Oh that's ok. It was just a suggestion. Btw no need for anything fancy just a general representation of the beams if you decide to do them.

You should definitely consider signing up for a image hosting site it's quite useful on CPF even if you not going to use it often.

As for Maxabeam I've never even heard of it and I think I might go for the Nitecore TM16 over it.


----------



## ven (Sep 29, 2015)

Easiest way mr quack, download the photobucket app to phone, then take pics, upload to your app, post the pic IMG No and the code appears,press go advanced to check the code turns into the pic you want. If it does post reply.............


----------



## WarRaven (Sep 29, 2015)

I sent Parrot a pm showing another way too, not sure PQ has seen it.


----------



## Parrot Quack (Sep 29, 2015)

Thanks for the thought WarRaven. I'll see what I can come up with.

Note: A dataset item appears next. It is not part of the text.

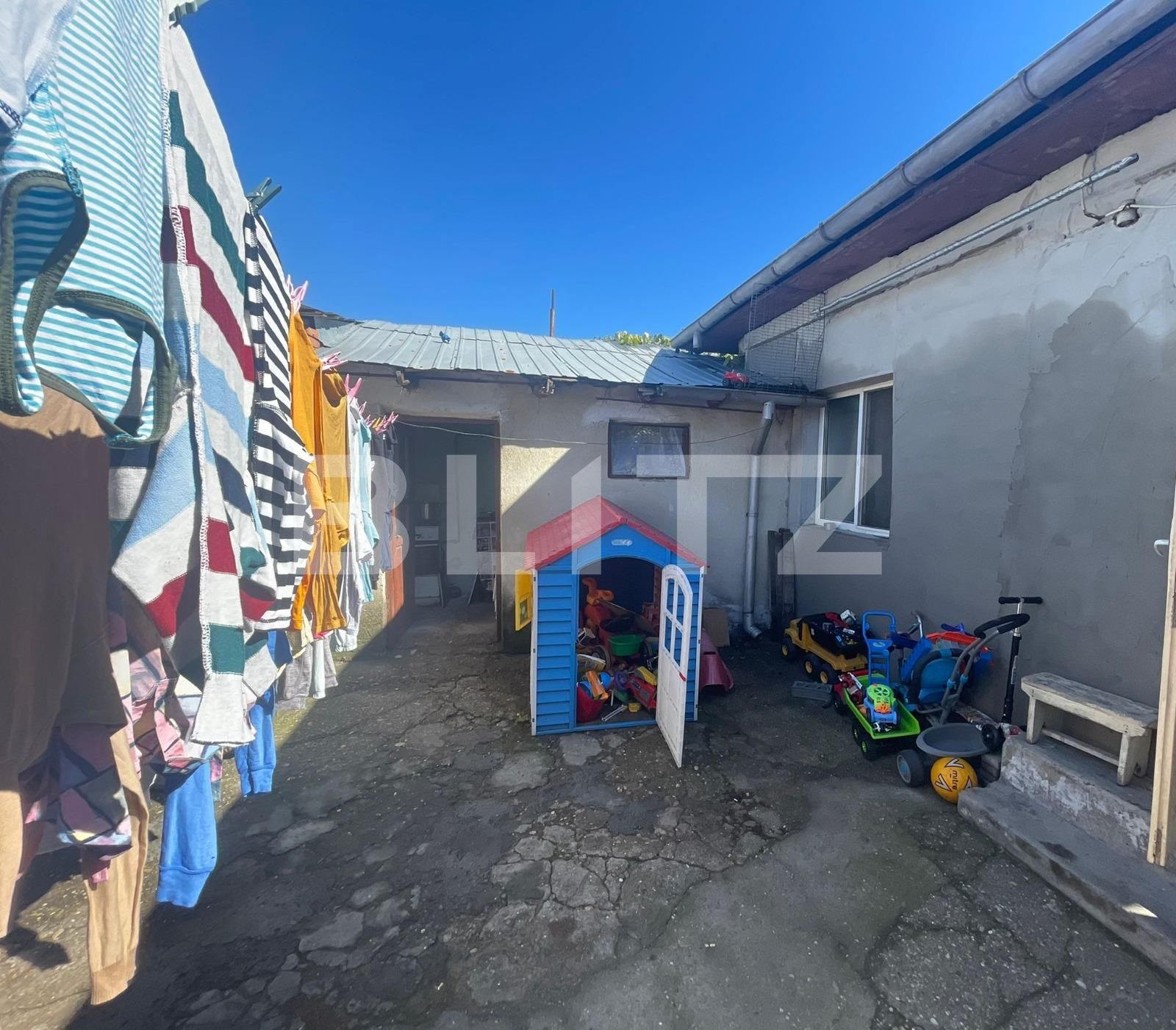 Casa de vânzare 4 camere Lascar Catargiu - 98192CV | BLITZ Craiova | Poza4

Just saying, using the EC4S, the beam at two hundred feet is quite wide and useful when compared to the EC4 but when I look past two or three hundred feet the more narrow (focused) EC4 picks up. Past two hundred feet, if one wants a wide field exposure, the TM16 comes into it's own.

Other than my personal opinion of the tint and under two hundred feet, the EC4S, again, in my opinion, for it's size, the EC4S is an excellent every day light.


----------



## Flashy808 (Sep 29, 2015)

Parrot Quack said:


> Other than my personal opinion of the tint and under two hundred feet, the EC4S, again, in my opinion, for it's size, the EC4S is an excellent every day light.



Yeah I was looking for a good 2 18650 EDC light because I wanted better runtimes that's how I came across it. Seems like a good EDC to me, imo.


----------



## pjandyho (Sep 30, 2015)

Flashy808 said:


> Yeah I was looking for a good 2 18650 EDC light because I wanted better runtimes that's how I came across it. Seems like a good EDC to me, imo.


I am really puzzled. In almost any given day one 18650 is more than enough to sustain my usage. In fact an 18650 could last me for a couple of weeks if it I use a little here and there. Why would you need 2 x 18650 for EDC? Wouldn't it be too huge to carry around comfortably?


----------



## Flashy808 (Sep 30, 2015)

pjandyho said:


> I am really puzzled. In almost any given day one 18650 is more than enough to sustain my usage. In fact an 18650 could last me for a couple of weeks if it I use a little here and there. Why would you need 2 x 18650 for EDC? Wouldn't it be too huge to carry around comfortably?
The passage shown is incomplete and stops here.